Con una brutal crítica al capitalismo más desatado y deshumanizador y el mensaje de que el dinero no da realmente la felicidad, en Luna nueva el estilo de McDonald es tan llamativo como enrevesado —algo en absoluto achacable a la traducción, que se antoja más que correcta y acertada sobre un texto que no era fácil, sino a la habitual escritura del autor—, con una acción apresurada y algo confusa en el inicio, con constantes cambios de foco de atención, para presentar a todo el elenco y los parámetros y el entorno en los que han de moverse, haciendo gala de una escritura algo farragosa, apelotonada o liosa en ocasiones, que encierra sin embargo una amplia capacidad cautivadora.

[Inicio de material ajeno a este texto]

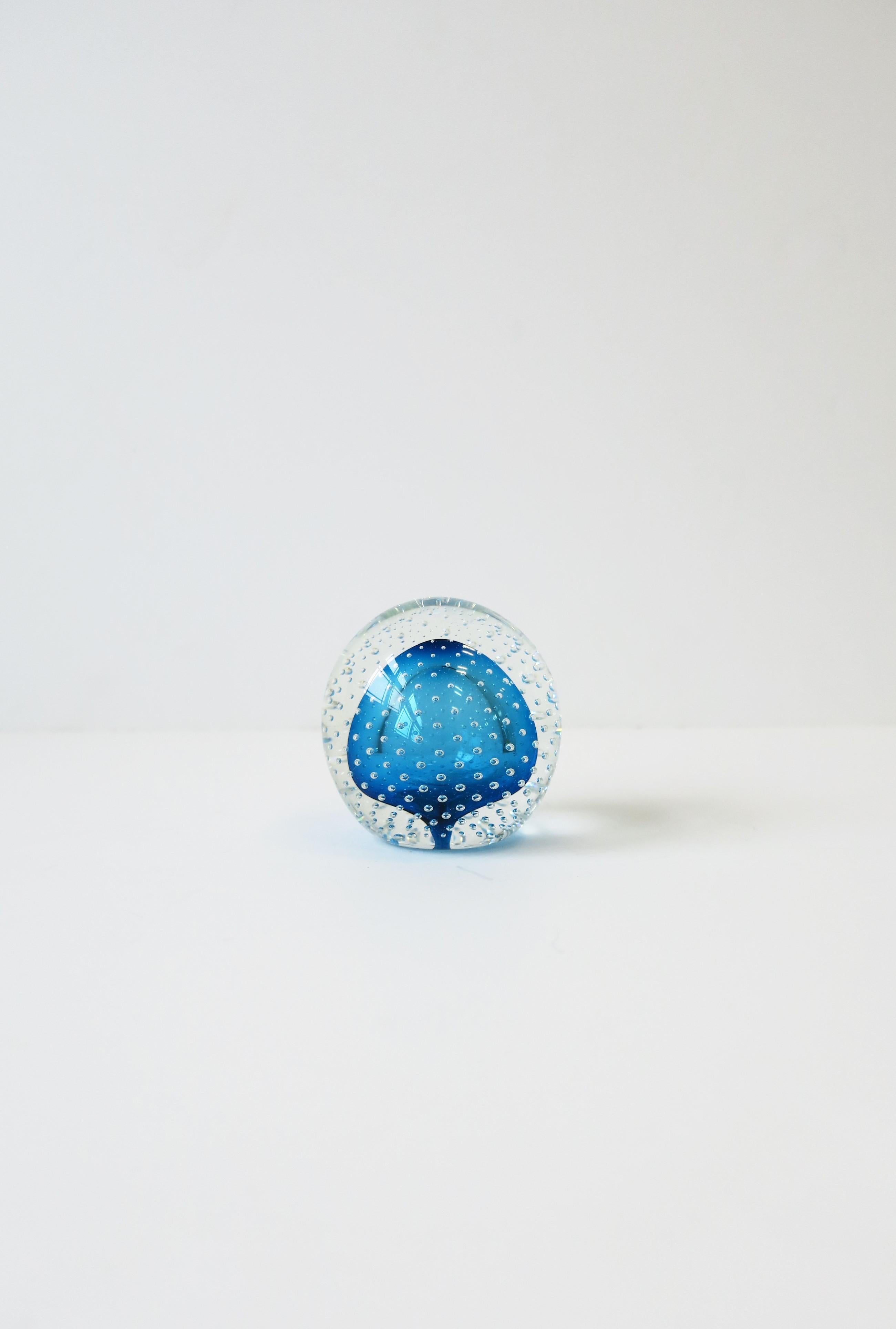 A very beautiful blue and clear art glass decorative object or paperweight with a 'controlled bubble' design, circa 1980s. Signed and dated by artist on bottom: Mark Matthew '1986'. 

Measures: 3.38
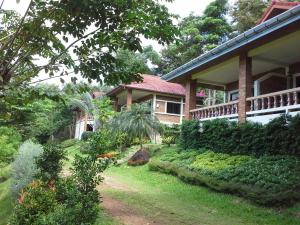a house with a garden in front of it at Freedom Estate in Ko Lanta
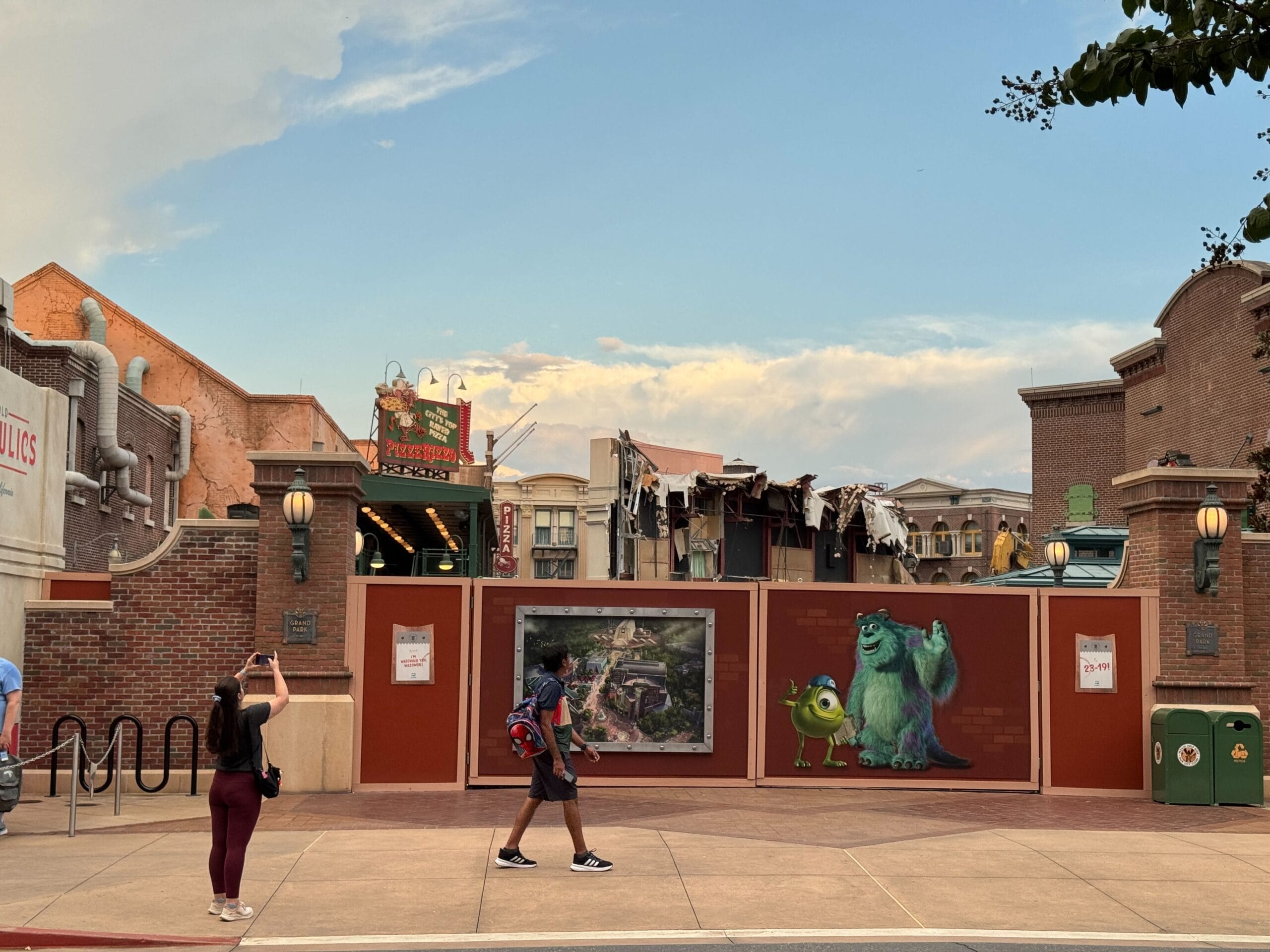 People walk past a demolished wall with Monsters, Inc. art near Disney's Hollywood Studios' Muppets Store.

Hay que abrirse camino, a veces con machete y siempre con la máxima atención, a través del primer centenar de páginas, dejándose llevar por la fascinación de lo descrito, hasta que la trama, las tramas, endereza el rumbo, el ritmo crece de forma constante, la acción se dispara y la novela se precipita sin remedio hasta el frenético —y frustrante— final en cliffhanger que deja con la miel en los labios y el deseo de tener ya en las manos la siguiente entrega. El autor no ofrece una auténtica conclusión, sino que deja las espadas en alto, muy en alto, para lo que ha de venir a continuación.